Steve Sabella : Extraits du Paradoxe du parachute

15 juin, 2022 -
Steve Sabella, "In Exile 1", édition collector, 136 : 125 cm, impression Lambda montée sur aluminium + bord en aluminium de 5 cm, 2008 (avec l'aimable autorisation de Steve Sabella).

 

Pour Steve Sabella, l'occupation attache chaque Palestinien à un Israélien, comme dans un saut en tandem. L'Israélien a toujours le contrôle, ce qui place le Palestinien sous la menace d'une prise d'otage sans fin. Sabella a deux options : soit se rendre, soit faire un saut dans le vide. Les mémoires de Sabella, The Parachute Paradox, racontent la vie de cet artiste né dans la vieille ville de Jérusalem et élevé sous l'occupation israélienne. Après avoir vécu les deux Intifadas, avoir été kidnappé à Gaza et avoir appris à naviguer entre différentes cultures, il se sent en exil chez lui. Mêlant réalité et fiction, amour et perte, ces mémoires retracent la quête ardue d'un homme pour se libérer de l'intérieur, à travers une confrontation avec l'imagination colonisée.
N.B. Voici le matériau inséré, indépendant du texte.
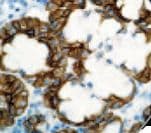 Monoclonal Mouse anti-Human Basic Cytokeratin AE3 Antibody (clone AE3, Ready-to-Use, IHC)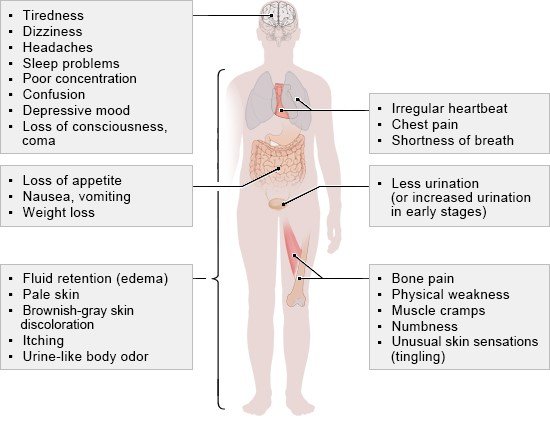 The illustration shows possible symptoms of chronic kidney disease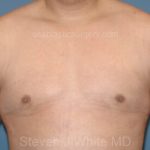 Male Breast Reduction - Gynecomastia Before & After Patient #2290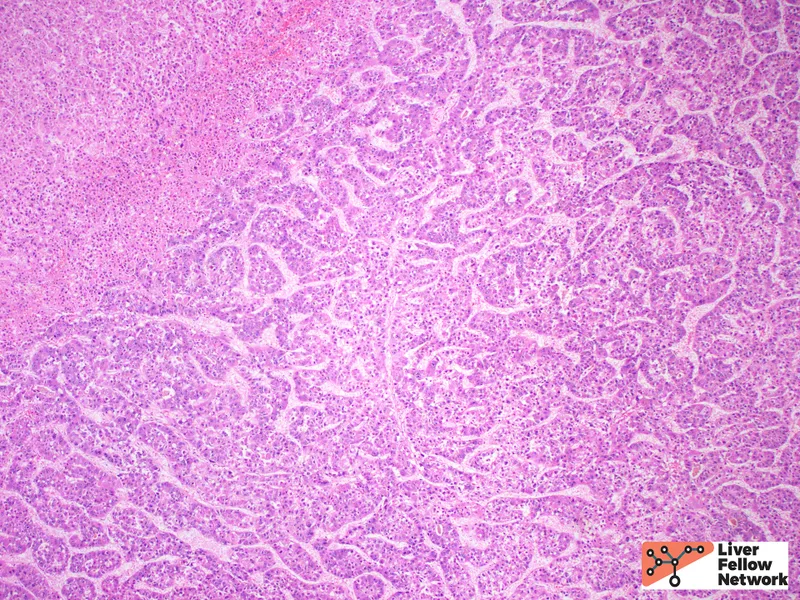 Hepatocellular Carcinoma in HBV/HCV Co-infection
Les histoires présentées ici, tirées de The Parachute Paradox, ont été sélectionnées par l'éditeur.

 

Steve Sabella

 

En rentrant chez moi, j'ai fait une course contre la montre pour faire mes bagages et me rendre à l'aéroport Ben Gourion de Tel Aviv. J'étais épuisée, et je redoutais les trois heures habituelles de questions et d'interrogatoires par la sécurité israélienne de l'aéroport.

Shalom, meh eyfo ata ?
Bonjour, d'où venez-vous ?

Le paradoxe du parachute: sur l'amour, la libération et l'imagination. Un mémoire de Palestine.

Avec un accent hébreu, en me gargarisant du R à Yerushalayim, j'ai dit :

Ani meh Yerushalayim.
Je viens de Jérusalem.

Elle a poursuivi,
D'où venez-vous exactement ?

Si je répondais par "Jérusalem-Est", on supposerait que je suis arabe. Et si je répondais par "Jérusalem Ouest", on me soupçonnerait d'être juif. J'ai répondu,

Rue Antonia, la vieille ville.

Elle a vérifié mon passeport, mais mon lieu d'origine n'était toujours pas clair pour elle. Elle m'a demandé le nom de mon père,
Emile.

Celui de votre mère ?
Espérance.

Celui de votre grand-père ?
Antone.

Quelle est l'origine du nom Sabella ?
Sicilienne.

Fêtez-vous Hanukkah ?
Pourquoi pas.

Fêtez-vous Noël ?
Bien sûr.

Elle a hésité à me demander si j'étais arabe ou arabe palestinien. Pour accélérer les choses, je lui ai dit que je venais de Jérusalem. L'arabe. Tout ce que je voulais, c'était monter dans l'avion et fermer les yeux.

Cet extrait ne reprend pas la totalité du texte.